Protesta sì, ma c’è modo e modo

Non entro ora nel merito delle questioni dibattute fra la ministra Roccella e le sue contestatrici che, di fatto, le hanno impedito di svolgere e concludere il suo intervento programmato al Salone del Libro di Torino. La ministra era stata invitata dagli organizzatori a presentare un suo libro nel quale illustra il suo passaggio dalla militanza nel partito radicale alle posizioni attuali che le hanno meritato l’incarico di Ministro per la Famiglia e la Natalità – contraria all’aborto libero ed alla maternità surrogata. Qui non entro, ripeto, nel merito; voglio parlare invece dell’episodio in sé.

Le contestatrici esercitavano il loro legittimo diritto al dissenso?

Le contestatrici esercitavano il loro legittimo diritto al dissenso, come è stato detto da autorevoli esponenti della sinistra? Secondo me, no. Certamente in una democrazia il diritto al dissenso è sacrosanto, anzi senza dissenso libero non c’è democrazia. Ma da questo punto di vista l’Italia è uno dei paesi più liberi che si possa immaginare. Tutti hanno diritto di parola su tutto, e basta fare zapping sulla televisione per vederlo

Le regole nelle campagne elettorali

Ma il diritto di parola non include il diritto di togliere la parola a chi sta parlando. Se non sei d’accordo, e vuoi dirlo, non puoi pretendere di farlo nello stesso momento e nello stesso luogo in cui il tuo avversario sta legittimamente parlando. Puoi farlo, nello stesso momento, in qualsiasi altro luogo; oppure nello stesso luogo ma in un altro momento.
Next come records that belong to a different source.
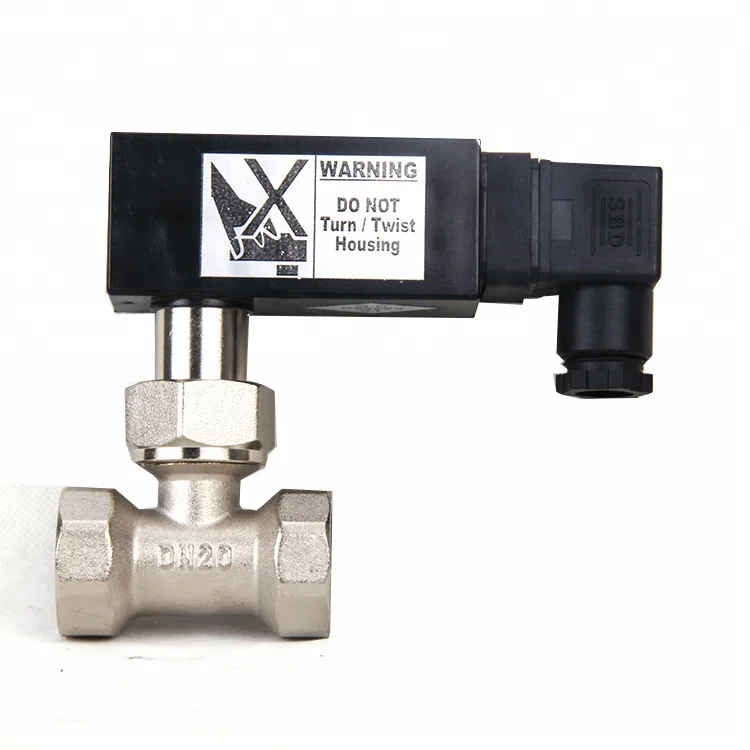 Automatic Paddle Flow Brass Water Flow Switch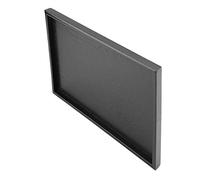 Cocoarm Vesta da Spunta per caffè da tè in Legno, Materiale Premium con Bordi Rialzati, Ideale per la e il Ristorante in Casa Usano 36 X 27 Cm (36 * 27)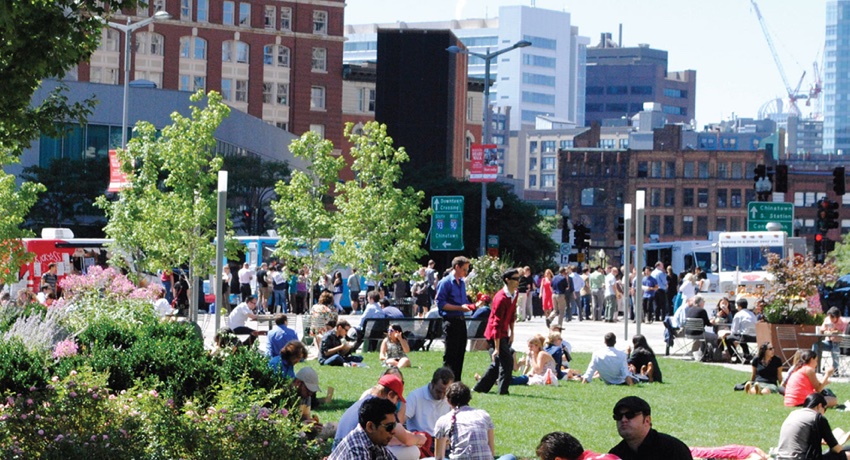 Here's the 2017 Weekday Greenway Food Truck Schedule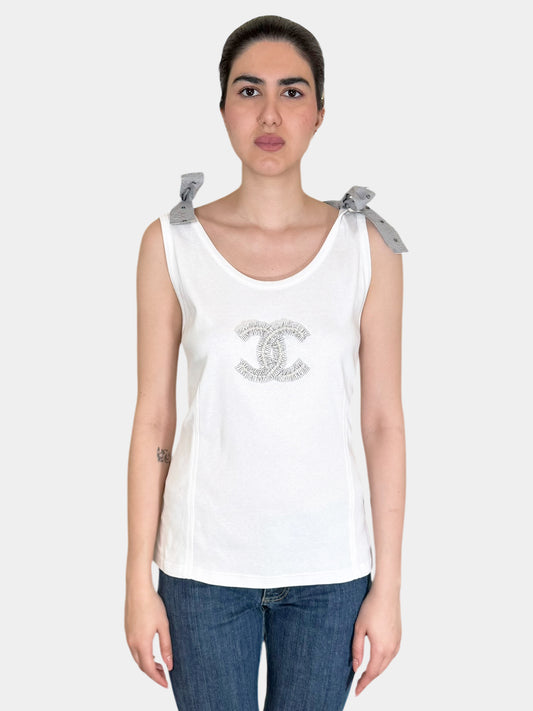 2024 Embroidered CC Top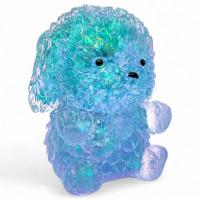 Антистрес жуйка-тягучка Собачка 7.5 см (блакитний) MIC MS-24-11-95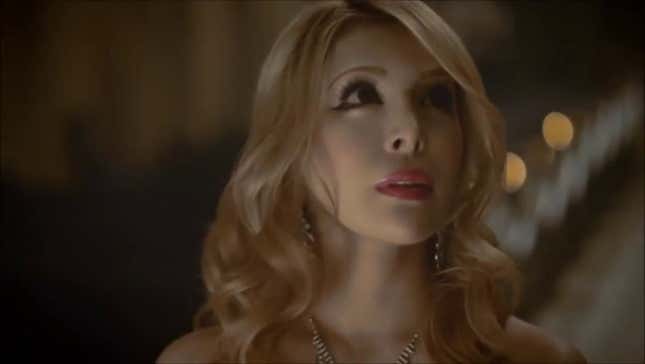 Is This Woman Praying for More Plastic Surgery?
Queste regole erano rigorosamente osservate nelle campagne elettorali degli anni Quaranta e Cinquanta – i tempi di Peppone e Don Camillo – quando tutta la comunicazione politica si faceva con i comizi in piazza e non in televisione, l’ostilità fra gli schieramenti era fortissima, le piazze erano piene e gli elettori appassionati.

Ciascuno parlava nel luogo e nel momento che gli era stato assegnato

Quando partiva una campagna elettorale, i responsabili locali dei partiti concordavano con un patto scritto l’equa ripartizione degli orari e delle piazze. Ciascuno parlerà dove e quando gli è stato assegnato. Vietato occupare la piazza un minuto prima o tenerla occupata un minuto di più dell’orario stabilito; vietato fischiare, insultare o comunque disturbare l’oratore di turno e i suoi ascoltatori. Per quello che mi ricordo queste regole erano osservate scrupolosamente. Quando suonava l’ora la piazza, che era piena, si svuotava e subito entravano gli altri con le loro bandiere. Così funzionava la democrazia, ed era un bello spettacolo per un ragazzino come me.